Kisah Kiai Amin, Gigih Melawan Penjajah dan Ditembak Mati Usai Kumandangkan Adzan

Rabu, 23 Maret 2022 - 05:05 WIB
loading...
Kisah Kiai Amin, Gigih Melawan Penjajah dan Ditembak Mati Usai Kumandangkan Adzan
Makam Kiai Muhammad Amin Musthofa di Desa Dagan, Kecamatan Solokuro. Foto: Istimewa
A A A
KEMERDEKAAN Indonesia diraih berkat perjuangan semua rakyat, bukan hanya dari kalangan militer, tapi salah satu yang memiliki andil besar dalam perjuangan meraih kemerdekaan adalah tokoh agama, kiai dan para ulama.

Salah satu ulama yang gigih memperjuangkan kemerdekaan dan melawan penjajah adalah Kiai Amin Musthofa, dia merupakan pendiri Pondok Pesantren Tunggul.

Kiai Amin memiliki nama lengkap KH Muhammad Amin Musthofa, dia terpanggil ke jalan jihad bersama saudaranya KH Ahmad Muhtadi Musthofa, dalam mengusir penjajah Belanda dari Kota Lamongan.

Kiai Amin memiliki semangat heroik dan terlibat langsung dalam perang 10 November di Surabaya, bahkan berkat keberaniannya dia didapok sebagai pemimpin Laskar Hizbullah untuk wilayah pantura Lamongan, Tuban, dan Gresik.



Menurut cerita di kalangan santri-santrinya, putra ketujuh dari KH Musthofa Kranji Kecamatan Paciran ini kebal senjata, sehingga untuk melumpuhkannya sangat sulit bahkan sering tidak terlihat oleh kasat mata.

Dia pun diberi tugas mempertahankan Lamongan dari serangan penjajah Belanda, tepatnya di Surabaya wilayah utara.
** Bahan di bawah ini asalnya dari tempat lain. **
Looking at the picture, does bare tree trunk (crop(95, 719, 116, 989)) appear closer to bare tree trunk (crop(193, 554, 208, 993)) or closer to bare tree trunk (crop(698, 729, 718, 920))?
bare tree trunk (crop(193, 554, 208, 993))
Dedikasi Kiai Amin bagi bangsa dan negara tidak dapat diragukan lagi yang berani mengusir penjajah Belanda. Tak hanya itu santri yang pernah belajar di Mekkah Arab Saudi itu juga menguasai beragam kitab kuning warisan pendahulunya.

Kiai Amin juga dipercaya oleh ayahnya KH Musthofa menjadi pengasuh Ponpes Kranji yang saat ini dikenal dengan nama Tarbiyatut Tholabah.

Selain berani dan dikenal kebal, Kiai Amin juga seorang penghafal Alquran yang mampu menguasainya dalam waktu singkat. Tak heran jika banyak santri kala itu bukan hanya mendalami agama tetapi juga ingin menuntut ilmu kanuragan.

Kiai Amin Musthofa lahir pada tahun 1910 M di Desa Kranji, Kecamatan Paciran, Kabupaten Lamongan. Dia adalah putra KH Musthofa Abdul Karim yang juga pendiri Pondok Tarbiyatut Tholabah Kranji dan Nyai Hj Aminah binti KH Moh Sholeh Tsani dari Gresik.



Kiai Amin merupakan anak ketujuh dari 10 orang bersaudara, dua perempuan dan delapan laki-laki. Dua di antaranya meninggal di waktu kecil yaitu anak pertama dan terakhir, dua orang perempuan yakni Maryam dan Sofiyah. Sedangkan kelima saudara laki-lakinya adalah Kiai Abdul Karim, Kiai Moh Sholeh, Kiai Ahmad Muhtadi, Kiai Abdur Rahman, dan Kiai Abdullah.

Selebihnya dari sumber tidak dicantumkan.